◆ THE PROBLEM
Each line of the data below from the one holding "Handcrafted home sweet" to the one holding "Alcohol and pill", inclusive, is to be reproduced exactly; no other line belongs in the answer.

[[ DATA open ]]

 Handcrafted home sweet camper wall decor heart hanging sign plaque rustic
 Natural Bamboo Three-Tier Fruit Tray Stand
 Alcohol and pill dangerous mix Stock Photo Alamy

[[ DATA closed ]]
[[ DATA open ]]

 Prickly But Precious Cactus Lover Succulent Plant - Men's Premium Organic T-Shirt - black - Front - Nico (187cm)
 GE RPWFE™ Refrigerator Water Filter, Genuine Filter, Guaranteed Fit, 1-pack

[[ DATA closed ]]

◆ TASK SOLUTION
 Handcrafted home sweet camper wall decor heart hanging sign plaque rustic
 Natural Bamboo Three-Tier Fruit Tray Stand
 Alcohol and pill dangerous mix Stock Photo Alamy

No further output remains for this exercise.